The less good news was that Helsinki was the first championships where the IAAF decided to retain urine samples for eight years, for possible reanalysis. In 2005, doping control was comparatively weak, but eight years later it was more precise. Our research discovered long-term metabolites of anabolic steroids, which was revolutionary: the detection window jumped from seven days to 70 days, and more. Re-testing of the Russian athletes who had competed at Helsinki revealed a total of 20 positives: scientific progress had showed that clean urine was actually dirty.

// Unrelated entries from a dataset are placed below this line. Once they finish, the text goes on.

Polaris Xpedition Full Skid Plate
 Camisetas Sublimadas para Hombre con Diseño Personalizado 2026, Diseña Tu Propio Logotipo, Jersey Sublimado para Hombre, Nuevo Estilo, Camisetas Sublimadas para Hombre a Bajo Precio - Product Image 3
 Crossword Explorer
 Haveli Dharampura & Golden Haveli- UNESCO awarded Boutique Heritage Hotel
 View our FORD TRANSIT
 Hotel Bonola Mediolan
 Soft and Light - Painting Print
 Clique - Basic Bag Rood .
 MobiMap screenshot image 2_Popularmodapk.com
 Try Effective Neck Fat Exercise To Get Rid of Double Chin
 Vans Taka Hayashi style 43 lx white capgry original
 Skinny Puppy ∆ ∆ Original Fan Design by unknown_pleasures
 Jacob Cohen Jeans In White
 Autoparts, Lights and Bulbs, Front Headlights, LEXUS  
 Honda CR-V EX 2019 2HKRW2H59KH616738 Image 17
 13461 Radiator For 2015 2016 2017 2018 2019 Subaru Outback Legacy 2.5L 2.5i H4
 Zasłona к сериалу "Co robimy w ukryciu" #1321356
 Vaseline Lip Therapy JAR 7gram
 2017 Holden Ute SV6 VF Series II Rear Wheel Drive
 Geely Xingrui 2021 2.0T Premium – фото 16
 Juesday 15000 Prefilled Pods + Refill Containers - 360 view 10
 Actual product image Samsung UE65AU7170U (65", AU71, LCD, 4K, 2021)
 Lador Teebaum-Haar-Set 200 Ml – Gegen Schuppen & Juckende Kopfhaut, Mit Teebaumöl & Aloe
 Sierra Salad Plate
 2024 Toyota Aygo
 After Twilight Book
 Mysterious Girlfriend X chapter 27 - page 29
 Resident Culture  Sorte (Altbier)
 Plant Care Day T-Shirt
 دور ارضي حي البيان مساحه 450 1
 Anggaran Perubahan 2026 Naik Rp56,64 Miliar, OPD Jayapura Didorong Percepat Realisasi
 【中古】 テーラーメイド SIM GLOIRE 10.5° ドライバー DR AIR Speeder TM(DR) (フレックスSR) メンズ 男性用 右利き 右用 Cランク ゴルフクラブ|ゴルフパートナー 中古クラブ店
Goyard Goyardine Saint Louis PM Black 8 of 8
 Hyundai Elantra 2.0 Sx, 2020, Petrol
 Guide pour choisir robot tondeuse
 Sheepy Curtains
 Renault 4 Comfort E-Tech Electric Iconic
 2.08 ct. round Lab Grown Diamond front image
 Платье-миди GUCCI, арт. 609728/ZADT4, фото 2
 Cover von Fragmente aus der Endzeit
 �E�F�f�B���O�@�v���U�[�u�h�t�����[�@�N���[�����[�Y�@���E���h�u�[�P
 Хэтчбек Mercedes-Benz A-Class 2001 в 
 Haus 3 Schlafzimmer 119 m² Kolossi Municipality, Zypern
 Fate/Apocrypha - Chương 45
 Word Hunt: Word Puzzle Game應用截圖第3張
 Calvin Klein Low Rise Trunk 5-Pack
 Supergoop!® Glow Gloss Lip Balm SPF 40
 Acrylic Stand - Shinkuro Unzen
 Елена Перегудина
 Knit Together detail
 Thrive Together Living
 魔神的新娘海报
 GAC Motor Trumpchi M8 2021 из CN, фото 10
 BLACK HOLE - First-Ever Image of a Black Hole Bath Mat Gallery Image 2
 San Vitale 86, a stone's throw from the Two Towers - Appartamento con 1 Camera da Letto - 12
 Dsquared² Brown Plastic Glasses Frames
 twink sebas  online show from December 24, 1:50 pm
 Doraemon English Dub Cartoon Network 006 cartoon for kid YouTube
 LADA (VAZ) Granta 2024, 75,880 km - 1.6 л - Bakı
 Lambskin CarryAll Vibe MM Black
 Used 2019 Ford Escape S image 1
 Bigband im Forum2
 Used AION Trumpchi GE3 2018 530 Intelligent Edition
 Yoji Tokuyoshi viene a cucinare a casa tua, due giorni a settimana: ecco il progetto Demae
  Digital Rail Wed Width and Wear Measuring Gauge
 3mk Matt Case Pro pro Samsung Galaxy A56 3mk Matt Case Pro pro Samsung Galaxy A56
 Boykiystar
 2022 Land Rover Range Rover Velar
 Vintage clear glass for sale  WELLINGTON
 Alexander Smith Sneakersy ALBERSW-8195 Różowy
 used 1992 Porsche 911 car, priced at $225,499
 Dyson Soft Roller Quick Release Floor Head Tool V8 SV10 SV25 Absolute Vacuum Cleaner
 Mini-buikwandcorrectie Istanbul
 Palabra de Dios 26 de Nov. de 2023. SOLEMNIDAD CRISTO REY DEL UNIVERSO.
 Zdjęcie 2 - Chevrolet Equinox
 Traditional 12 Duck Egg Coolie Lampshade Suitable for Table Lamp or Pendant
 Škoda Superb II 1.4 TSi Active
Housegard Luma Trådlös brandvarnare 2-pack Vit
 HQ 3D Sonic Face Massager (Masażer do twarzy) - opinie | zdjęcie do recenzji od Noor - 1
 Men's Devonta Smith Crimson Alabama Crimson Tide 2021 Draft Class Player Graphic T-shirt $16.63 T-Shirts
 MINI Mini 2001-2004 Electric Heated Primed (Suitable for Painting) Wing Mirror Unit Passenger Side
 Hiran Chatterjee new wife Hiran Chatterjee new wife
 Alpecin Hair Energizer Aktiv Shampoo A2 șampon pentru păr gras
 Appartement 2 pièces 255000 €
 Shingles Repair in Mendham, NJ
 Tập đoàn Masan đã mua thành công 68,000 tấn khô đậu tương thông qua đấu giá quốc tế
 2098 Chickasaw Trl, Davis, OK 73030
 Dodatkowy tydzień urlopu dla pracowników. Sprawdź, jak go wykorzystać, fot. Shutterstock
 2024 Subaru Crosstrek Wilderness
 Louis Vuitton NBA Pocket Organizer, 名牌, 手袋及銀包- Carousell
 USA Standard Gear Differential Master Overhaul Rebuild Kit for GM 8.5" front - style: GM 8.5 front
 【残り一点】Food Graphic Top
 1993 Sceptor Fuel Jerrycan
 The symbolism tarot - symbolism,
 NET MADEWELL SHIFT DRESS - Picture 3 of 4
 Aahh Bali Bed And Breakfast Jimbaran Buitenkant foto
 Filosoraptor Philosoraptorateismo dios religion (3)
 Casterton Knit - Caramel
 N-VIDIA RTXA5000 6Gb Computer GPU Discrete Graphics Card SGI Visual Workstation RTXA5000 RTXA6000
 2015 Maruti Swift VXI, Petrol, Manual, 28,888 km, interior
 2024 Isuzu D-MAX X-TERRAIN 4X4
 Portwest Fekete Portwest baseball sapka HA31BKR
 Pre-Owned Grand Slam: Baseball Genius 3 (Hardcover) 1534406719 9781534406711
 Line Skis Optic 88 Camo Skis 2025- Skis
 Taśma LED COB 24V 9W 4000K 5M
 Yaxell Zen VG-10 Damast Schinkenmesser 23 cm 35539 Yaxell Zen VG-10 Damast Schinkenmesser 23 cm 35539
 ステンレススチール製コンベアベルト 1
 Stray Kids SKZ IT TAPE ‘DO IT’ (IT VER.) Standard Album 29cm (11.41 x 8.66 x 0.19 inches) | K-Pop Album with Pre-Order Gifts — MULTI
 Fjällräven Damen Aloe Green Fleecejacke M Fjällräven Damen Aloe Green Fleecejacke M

This re-testing triggered a crazy game of time-delayed musical chairs with the Helsinki results. The first wave of reanalyses in 2013 stripped Russia of two medals – Olympic champion Olga Kuzenkova’s gold medal in the hammer throwing and Tatyana Kotova’s silver in the long jump – but Russia gained a gold when the Belarusian shot-put star Nadezhda Ostapchuk was disqualified and the silver medallist Olga Ryabinkina was promoted.

However, in 2015, a second wave of re-testing exposed 18 more positive results among Russian athletes, including Olga Ryabinkina. Those results got thrown out after an appeal to the Court for Arbitration for Sport (CAS) by Tatyana Andrianova, the bronze medallist in the 800 metres who had tested positive for stanozolol. She argued that the athletes had complied with the WADA rules in 2005 and that the eight-year statute of limitations on the reanalysis of samples had expired. The court agreed with her, and Russia retained most of its medals.

In 2007, we ran into some serious trouble, when our two best female hammer throwers, Tatyana Lysenko and Ekaterina Khoroshikh, tested positive after an IAAF event in Doha, Qatar. It took a while for the laboratory in Lausanne to identify metabolites of a new anabolic steroid, with the odd name prohormone (it was Formadrol, 6α-methylandrostenedione), in their urine. Remarkably, while the laboratory was puzzling over her samples, Tatyana was setting another world record.

Valery Kulichenko was disturbed and summoned me to his apartment, with both women also present and the fateful bottle of Formadrol capsules in the centre of the table. It was the well-known Methyl 1-P brand, produced by Legal Gear in the USA. Together we read a sternly worded letter from Dr Gabriel Dollé, director of the IAAF Medical and Anti-doping Department, reprimanding our athletes. There wasn’t going to be any way out of this one.

The women left, and I could tell that Kulichenko knew he had a real scandal on his hands. Lysenko told reporters that she had never taken banned substances and that Kulichenko had sold her the bottle of Formadrol capsules. Valentin Balakhnichev, president of the All-Russian Athletics Federation (ARAF), fired Kulichenko. Then Lysenko’s ‘coach’-cum-boyfriend-and-car repairman, Nikolay Beloborodov, tried to shake down Kulichenko for $500,000, a sum that he said represented two years of ‘lost profits’ that would result from her suspension.

In the end, Kulya settled with them and they spent their suspension at the plushest training camps, living like royalty and drawing their full stipends, as if nothing had happened. The only rules of bespredel were that there were no rules. Athletes believed they were protected, and they were.